This week, Sravanthi Challapalli reviews the latest ads.

There’s a new ad by Titan using the gifting theme and it’s heartwarming. A professor who’s writing something on the board hears something and turns back to look at the class. He stares in growing incomprehension as a few start tapping on their calculators, then begin pounding their fists on the desks, bobbing their heads, and making music with their stationery, not sparing even the scissors, and was that a ruler or a piece of laminate stripped off the desk? By now it’s clear that this is all part of a plan. The singing commences, with the rest of the class joining in bit by bit. A few more staff members walk in, a student approaches him with a book saying Farewell Professor with a collection of photos inside, and as he flips through the pages, he finds a Titan watch set into a hollowed-out portion of the book. See the ad for yourself to appreciate how superbly Avijit Dutt portrays the overwhelmed professor.

That’s not all. The music that the students make with their fists, desks, calculators, and their voices – with no musical instruments involved – is an ‘a capella’ rendering of Titan’s signature composition. Composer Michael McCleary put it together. In all, this one-minute ad, directed by Prakash Verma for Ogilvy India, is quite a performance!

Active promise

What strikes me at first is how the camera captures the crumbs dispersing as the biscuit is broken into two.

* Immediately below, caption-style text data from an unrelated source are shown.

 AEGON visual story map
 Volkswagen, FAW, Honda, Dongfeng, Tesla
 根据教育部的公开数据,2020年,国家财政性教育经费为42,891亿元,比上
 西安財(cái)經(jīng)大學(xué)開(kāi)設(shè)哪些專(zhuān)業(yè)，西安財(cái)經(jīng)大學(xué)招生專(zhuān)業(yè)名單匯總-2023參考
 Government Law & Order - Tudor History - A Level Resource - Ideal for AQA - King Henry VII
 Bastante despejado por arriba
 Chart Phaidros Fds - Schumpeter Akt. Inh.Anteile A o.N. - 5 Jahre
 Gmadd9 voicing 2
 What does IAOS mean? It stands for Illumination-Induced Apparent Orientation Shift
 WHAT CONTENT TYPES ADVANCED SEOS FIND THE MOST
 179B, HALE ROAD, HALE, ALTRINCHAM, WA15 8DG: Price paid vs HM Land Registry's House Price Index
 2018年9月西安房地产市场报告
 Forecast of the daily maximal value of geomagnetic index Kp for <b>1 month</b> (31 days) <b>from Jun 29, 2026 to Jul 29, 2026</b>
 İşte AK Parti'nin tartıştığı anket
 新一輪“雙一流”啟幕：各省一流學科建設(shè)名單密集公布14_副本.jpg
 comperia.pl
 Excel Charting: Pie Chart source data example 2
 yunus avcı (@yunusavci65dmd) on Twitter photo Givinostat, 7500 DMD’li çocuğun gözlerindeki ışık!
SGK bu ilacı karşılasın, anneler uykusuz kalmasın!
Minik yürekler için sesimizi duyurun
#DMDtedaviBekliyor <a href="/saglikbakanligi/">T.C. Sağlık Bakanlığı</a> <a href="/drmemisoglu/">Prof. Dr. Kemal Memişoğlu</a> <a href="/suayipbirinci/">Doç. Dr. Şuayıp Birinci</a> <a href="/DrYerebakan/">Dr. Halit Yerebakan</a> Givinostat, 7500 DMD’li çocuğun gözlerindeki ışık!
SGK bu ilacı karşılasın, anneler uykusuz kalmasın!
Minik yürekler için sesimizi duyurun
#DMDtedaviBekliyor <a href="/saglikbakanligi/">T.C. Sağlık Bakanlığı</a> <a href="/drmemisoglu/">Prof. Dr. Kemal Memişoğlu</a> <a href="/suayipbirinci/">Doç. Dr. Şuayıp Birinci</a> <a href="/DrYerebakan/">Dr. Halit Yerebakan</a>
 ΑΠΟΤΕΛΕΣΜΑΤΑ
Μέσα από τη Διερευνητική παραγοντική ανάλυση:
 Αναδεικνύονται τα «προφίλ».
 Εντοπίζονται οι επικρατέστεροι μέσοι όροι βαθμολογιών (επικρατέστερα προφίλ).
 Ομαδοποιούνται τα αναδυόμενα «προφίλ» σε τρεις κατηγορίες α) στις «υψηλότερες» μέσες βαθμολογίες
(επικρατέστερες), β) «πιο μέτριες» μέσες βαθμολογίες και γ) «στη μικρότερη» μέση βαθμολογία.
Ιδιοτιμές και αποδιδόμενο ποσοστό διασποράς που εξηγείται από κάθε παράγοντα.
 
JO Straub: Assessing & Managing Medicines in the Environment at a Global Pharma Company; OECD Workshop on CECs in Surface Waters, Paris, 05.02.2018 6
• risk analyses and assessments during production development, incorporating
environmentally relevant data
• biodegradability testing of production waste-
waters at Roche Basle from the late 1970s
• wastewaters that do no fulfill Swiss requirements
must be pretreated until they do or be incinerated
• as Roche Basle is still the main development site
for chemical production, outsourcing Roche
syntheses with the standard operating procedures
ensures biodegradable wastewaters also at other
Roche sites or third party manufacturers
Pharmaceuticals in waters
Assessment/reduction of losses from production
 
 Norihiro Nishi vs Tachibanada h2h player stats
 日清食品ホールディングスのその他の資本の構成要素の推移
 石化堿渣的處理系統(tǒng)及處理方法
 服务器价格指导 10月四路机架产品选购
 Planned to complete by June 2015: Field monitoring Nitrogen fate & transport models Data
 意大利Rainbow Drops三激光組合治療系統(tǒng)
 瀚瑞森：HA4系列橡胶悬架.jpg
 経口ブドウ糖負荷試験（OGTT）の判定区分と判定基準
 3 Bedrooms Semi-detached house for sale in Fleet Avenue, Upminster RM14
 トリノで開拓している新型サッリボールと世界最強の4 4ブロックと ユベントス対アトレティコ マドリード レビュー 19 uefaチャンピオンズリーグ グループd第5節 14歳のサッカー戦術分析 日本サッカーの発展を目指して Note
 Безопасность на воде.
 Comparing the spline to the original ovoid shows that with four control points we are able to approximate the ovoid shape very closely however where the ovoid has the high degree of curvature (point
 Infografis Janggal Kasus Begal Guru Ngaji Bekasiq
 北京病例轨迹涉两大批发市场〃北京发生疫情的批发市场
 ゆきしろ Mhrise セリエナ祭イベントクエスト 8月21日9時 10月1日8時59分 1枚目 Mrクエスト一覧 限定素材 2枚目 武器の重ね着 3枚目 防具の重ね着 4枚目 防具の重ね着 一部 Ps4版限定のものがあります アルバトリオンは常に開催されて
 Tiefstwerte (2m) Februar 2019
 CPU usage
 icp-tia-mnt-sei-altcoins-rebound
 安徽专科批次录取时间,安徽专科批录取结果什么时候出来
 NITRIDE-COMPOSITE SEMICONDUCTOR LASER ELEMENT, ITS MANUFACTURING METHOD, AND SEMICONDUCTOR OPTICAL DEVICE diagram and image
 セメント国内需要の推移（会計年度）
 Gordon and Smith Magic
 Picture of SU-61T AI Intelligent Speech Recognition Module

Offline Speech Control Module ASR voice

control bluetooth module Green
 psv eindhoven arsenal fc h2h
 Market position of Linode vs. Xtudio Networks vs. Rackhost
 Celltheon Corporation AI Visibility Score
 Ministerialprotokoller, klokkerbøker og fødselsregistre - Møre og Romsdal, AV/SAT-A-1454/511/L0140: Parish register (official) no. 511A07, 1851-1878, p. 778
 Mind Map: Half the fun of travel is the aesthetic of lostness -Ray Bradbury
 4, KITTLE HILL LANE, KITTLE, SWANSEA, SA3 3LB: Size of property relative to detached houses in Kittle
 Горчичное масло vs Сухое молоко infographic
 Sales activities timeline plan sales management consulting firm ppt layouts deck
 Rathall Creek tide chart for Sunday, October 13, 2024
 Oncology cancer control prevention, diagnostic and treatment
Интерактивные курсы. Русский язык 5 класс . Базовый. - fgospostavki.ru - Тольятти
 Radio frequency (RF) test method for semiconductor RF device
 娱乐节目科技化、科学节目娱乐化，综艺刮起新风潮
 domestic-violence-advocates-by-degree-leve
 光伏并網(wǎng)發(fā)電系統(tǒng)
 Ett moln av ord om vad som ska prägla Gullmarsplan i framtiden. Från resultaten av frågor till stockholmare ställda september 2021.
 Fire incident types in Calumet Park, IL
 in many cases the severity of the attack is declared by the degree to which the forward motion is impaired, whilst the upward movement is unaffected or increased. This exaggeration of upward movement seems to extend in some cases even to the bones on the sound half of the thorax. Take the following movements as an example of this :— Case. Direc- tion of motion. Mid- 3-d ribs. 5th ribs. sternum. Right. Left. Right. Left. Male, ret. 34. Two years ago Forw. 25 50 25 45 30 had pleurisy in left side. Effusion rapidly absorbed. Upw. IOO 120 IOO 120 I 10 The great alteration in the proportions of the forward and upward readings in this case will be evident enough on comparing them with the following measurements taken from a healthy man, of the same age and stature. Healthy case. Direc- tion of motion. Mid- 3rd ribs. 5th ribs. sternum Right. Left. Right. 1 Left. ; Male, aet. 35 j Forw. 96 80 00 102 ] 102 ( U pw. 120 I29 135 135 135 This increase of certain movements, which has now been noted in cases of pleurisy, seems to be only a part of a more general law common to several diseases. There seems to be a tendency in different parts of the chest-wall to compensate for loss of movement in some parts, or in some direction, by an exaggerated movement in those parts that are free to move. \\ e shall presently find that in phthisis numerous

If there's one word to describe the new ad for the relaunch of Sunfeast Marie Light made by Draftfcb+Ulka, it's pleasant. And light, much like the claims the product makes.

It's very much in the manner of past advertisements made for the brand. The young-ish parents have sat down to an evening cuppa and Sunfeast while the children are playing. After a couple of bites, the parents too join in the revelry, come rain or sunshine. In this ad, the children are playing shuttle badminton when the shuttlecock gets trapped in the tree above. They appeal to their parents to recover it for them. The mother is initially reluctant but she's a couple of biscuits down and so sportingly wields the bat to knock it down and is drawn into a game. The imagery of the biscuit and the wheat has been retained.

What really makes a difference, and a positive one, is the music. The lyrics are much the same, conveying the benefits of Eat Light, Live Light (Light Khao, Light Raho) but the pace is faster and the voices are new. I will be humming it for a while.

Old wine, new bottle

Deepika Padukone is the new Lux woman, and Imran Khan the new Lux man. The ad is a fairly routine – I must say that – seduction scene with smouldering looks and smiles, easily pulled off by the two actors, but what I liked about it was the computer graphics.

I loved how the pinkness of the soap virtually blooms into a thousand petals to envelop Deepika in its many folds, conveying the ‘soft and smooth’ promise. The ad, made by JWT, is helped along by the remix of yesteryear favourite Roop Tera Mastana which featured Rajesh Khanna and Sharmila Tagore.